#### [EXERCISE DESCRIPTION]
Set down exactly the lines from the one containing "Sandlapper Cleaning & Services map" through the end of the records below, both included, and nothing else.

== RECORDS PROVIDED ==

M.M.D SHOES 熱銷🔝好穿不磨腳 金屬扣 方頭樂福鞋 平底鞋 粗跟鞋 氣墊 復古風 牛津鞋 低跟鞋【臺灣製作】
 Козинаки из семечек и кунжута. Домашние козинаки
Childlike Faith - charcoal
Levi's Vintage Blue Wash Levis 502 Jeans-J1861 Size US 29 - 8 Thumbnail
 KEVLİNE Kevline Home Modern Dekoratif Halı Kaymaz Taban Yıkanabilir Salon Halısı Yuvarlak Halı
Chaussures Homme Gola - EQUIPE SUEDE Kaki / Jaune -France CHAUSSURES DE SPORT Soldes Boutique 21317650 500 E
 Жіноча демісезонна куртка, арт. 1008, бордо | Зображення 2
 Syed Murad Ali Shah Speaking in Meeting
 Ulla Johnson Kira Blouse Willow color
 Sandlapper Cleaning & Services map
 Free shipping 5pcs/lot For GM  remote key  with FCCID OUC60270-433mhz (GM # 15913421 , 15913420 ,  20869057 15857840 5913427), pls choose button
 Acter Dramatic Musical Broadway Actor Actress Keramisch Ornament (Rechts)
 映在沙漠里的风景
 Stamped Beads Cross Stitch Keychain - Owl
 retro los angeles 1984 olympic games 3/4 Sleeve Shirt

===

#### [COMPLETED EXERCISE]
 Sandlapper Cleaning & Services map
 Free shipping 5pcs/lot For GM  remote key  with FCCID OUC60270-433mhz (GM # 15913421 , 15913420 ,  20869057 15857840 5913427), pls choose button
 Acter Dramatic Musical Broadway Actor Actress Keramisch Ornament (Rechts)
 映在沙漠里的风景
 Stamped Beads Cross Stitch Keychain - Owl
 retro los angeles 1984 olympic games 3/4 Sleeve Shirt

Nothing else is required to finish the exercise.